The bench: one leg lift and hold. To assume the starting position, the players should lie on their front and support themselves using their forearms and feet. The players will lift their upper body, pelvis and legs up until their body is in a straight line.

══════════

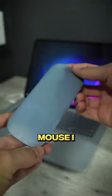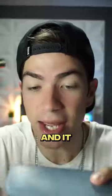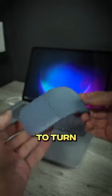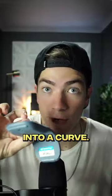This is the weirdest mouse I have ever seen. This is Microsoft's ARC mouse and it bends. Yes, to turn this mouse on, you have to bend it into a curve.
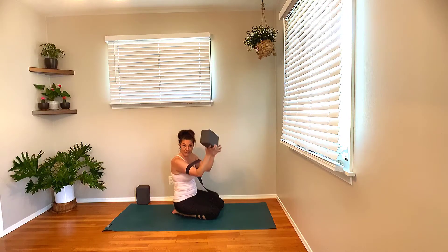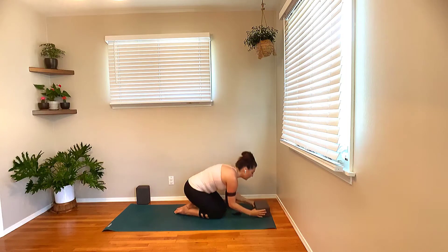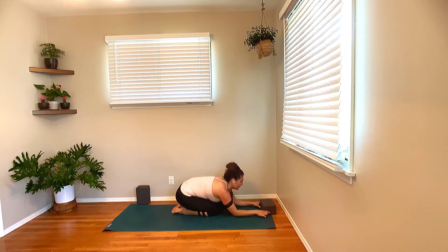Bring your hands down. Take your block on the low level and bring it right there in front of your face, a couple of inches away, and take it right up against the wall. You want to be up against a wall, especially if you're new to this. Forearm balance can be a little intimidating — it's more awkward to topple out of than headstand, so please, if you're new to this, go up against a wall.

══════════

◆ **Requirement**
Give again the lines of the listing above that run from the one with "This is the" up to and including the one with "Bring your hands". Keep them exact and omit the pictures.

◆ **Solution**
This is the weirdest mouse I have ever seen. This is Microsoft's ARC mouse and it bends. Yes, to turn this mouse on, you have to bend it into a curve.
Bring your hands down. Take your block on the low level and bring it right there in front of your face, a couple of inches away, and take it right up against the wall. You want to be up against a wall, especially if you're new to this. Forearm balance can be a little intimidating — it's more awkward to topple out of than headstand, so please, if you're new to this, go up against a wall.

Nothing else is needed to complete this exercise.